Upload an object to S3 with automatic delta compression (boto3-compatible).

def put_object(
    self,
    Bucket: str,
    Key: str,
    Body: bytes | str | Path | None = None,
    Metadata: Optional[Dict[str, str]] = None,
    ContentType: Optional[str] = None,
    **kwargs
) -> Dict[str, Any]
Parameters
  • Bucket (str): S3 bucket name.
  • Key (str): Object key (path in bucket).
  • Body (bytes | str | Path): Object data.
  • Metadata (Optional[Dict[str, str]]): Custom metadata.
  • ContentType (Optional[str]): MIME type (for compatibility).
Returns

Dict with ETag and DeltaGlider compression info.

get_object

Download an object from S3 with automatic delta reconstruction (boto3-compatible).

def get_object(
    self,
    Bucket: str,
    Key: str,
    **kwargs
) -> Dict[str, Any]
Returns

Dict with Body stream and metadata (identical to boto3).

create_bucket

Create an S3 bucket (boto3-compatible).

def create_bucket(
    self,
    Bucket: str,
    CreateBucketConfiguration: Optional[Dict[str, str]] = None,
    **kwargs
) -> Dict[str, Any]
Parameters
  • Bucket (str): Name of the bucket to create.
  • CreateBucketConfiguration (Optional[Dict[str, str]]): Bucket configuration with optional LocationConstraint.
Returns

Dict with Location of created bucket.

Notes
  • Idempotent: Creating an existing bucket returns success
  • Use for basic bucket creation without advanced S3 features
Examples
# Create bucket in default region
client.create_bucket(Bucket='my-releases')

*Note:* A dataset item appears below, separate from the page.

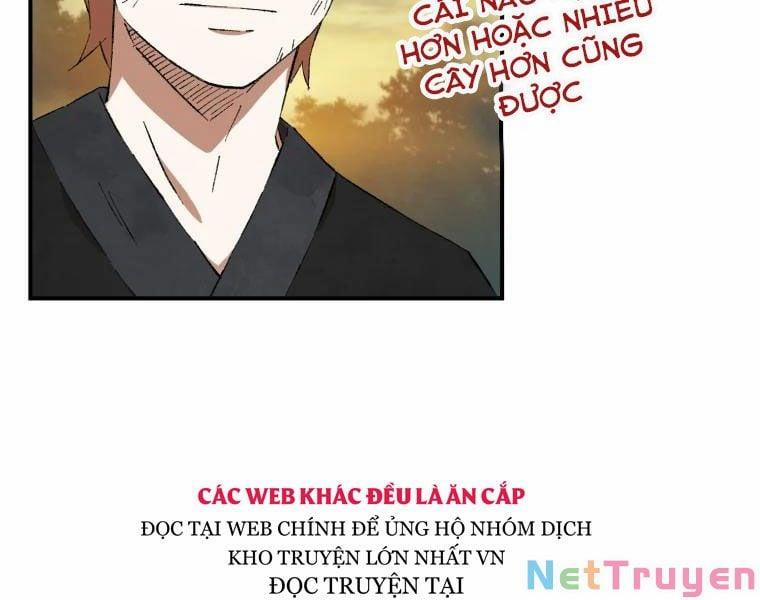 Đại Cao Thủ 19 trang 1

# Create bucket in specific region
client.create_bucket(
    Bucket='my-backups',
    CreateBucketConfiguration={'LocationConstraint': 'eu-west-1'}
)

delete_bucket

Delete an S3 bucket (boto3-compatible).

def delete_bucket(
    self,
    Bucket: str,
    **kwargs
) -> Dict[str, Any]
Parameters
  • Bucket (str): Name of the bucket to delete.
Returns

Dict confirming deletion.

Notes
  • Idempotent: Deleting a non-existent bucket returns success
  • Bucket must be empty before deletion
Examples
# Delete empty bucket
client.delete_bucket(Bucket='old-releases')

list_buckets

List all S3 buckets (boto3-compatible).

def list_buckets(
    self,
    **kwargs
) -> Dict[str, Any]
Returns

Dict with the same structure boto3 returns (Buckets, Owner, ResponseMetadata). DeltaGlider does not inject additional metadata; use get_bucket_stats() for compression data.

Examples
response = client.list_buckets()
for bucket in response['Buckets']:
    print(f"{bucket['Name']} - Created: {bucket['CreationDate']}")

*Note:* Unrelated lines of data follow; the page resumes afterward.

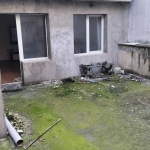 Многостаен апартамент в Варна, Операта - 150 кв.м за 2427 €/кв.м - Снимка #1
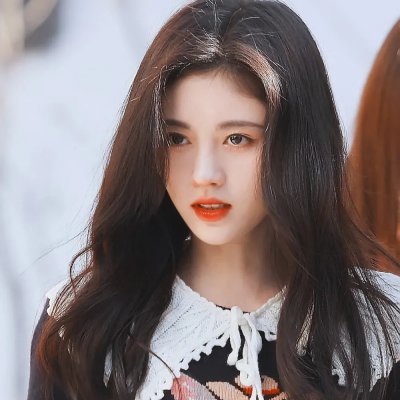 爱情盲选:巴西篇第二季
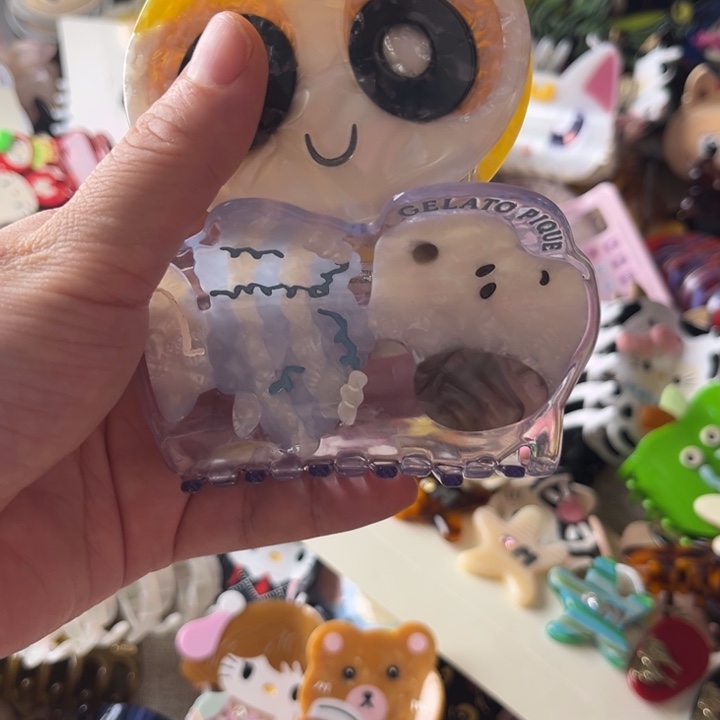 p***s醋酸非金属非金属醋酸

# Combine with get_bucket_stats for deeper insights
stats = client.get_bucket_stats('releases', mode='detailed')
print(f"releases -> {stats.object_count} objects, {stats.space_saved/(1024**3):.2f} GB saved")

Simple API Methods

upload

Upload a file to S3 with automatic delta compression.

def upload(
    self,
    file_path: str | Path,
    s3_url: str,
    tags: Optional[Dict[str, str]] = None,
    max_ratio: float = 0.5
) -> UploadSummary
Parameters
  • file_path (str | Path): Local file path to upload.
  • s3_url (str): S3 destination URL in format s3://bucket/prefix/.
  • tags (Optional[Dict[str, str]]): S3 object tags to attach. (Future feature)
  • max_ratio (float): Maximum acceptable delta/file size ratio. Default: 0.5.
Returns

UploadSummary: Object containing upload statistics and compression details.

Raises
  • FileNotFoundError: If local file doesn't exist.
  • ValueError: If S3 URL is invalid.
  • PermissionError: If S3 access is denied.
Examples
# Simple upload
summary = client.upload("app.zip", "s3://releases/v1.0.0/")

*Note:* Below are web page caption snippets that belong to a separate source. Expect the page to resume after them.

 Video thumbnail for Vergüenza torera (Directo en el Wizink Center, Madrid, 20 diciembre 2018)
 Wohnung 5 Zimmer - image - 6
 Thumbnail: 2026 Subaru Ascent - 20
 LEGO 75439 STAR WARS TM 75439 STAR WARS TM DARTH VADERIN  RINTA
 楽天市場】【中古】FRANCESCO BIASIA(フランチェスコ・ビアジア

# With custom compression threshold
summary = client.upload(
    "large-file.tar.gz",
    "s3://backups/",
    max_ratio=0.3  # Only use delta if compression > 70%
)

# Check results
if summary.is_delta:
    print(f"Stored as delta: {summary.stored_size_mb:.1f} MB")
else:
    print(f"Stored as full file: {summary.original_size_mb:.1f} MB")

download

Download and reconstruct a file from S3.

def download(
    self,
    s3_url: str,
    output_path: str | Path
) -> None
Parameters
  • s3_url (str): S3 source URL in format s3://bucket/key.
  • output_path (str | Path): Local destination path.
Returns

None. File is written to output_path.

Raises
  • ValueError: If S3 URL is invalid or missing key.
  • FileNotFoundError: If S3 object doesn't exist.
  • PermissionError: If local path is not writable or S3 access denied.
Examples
# Download a file
client.download("s3://releases/v1.0.0/app.zip", "downloaded.zip")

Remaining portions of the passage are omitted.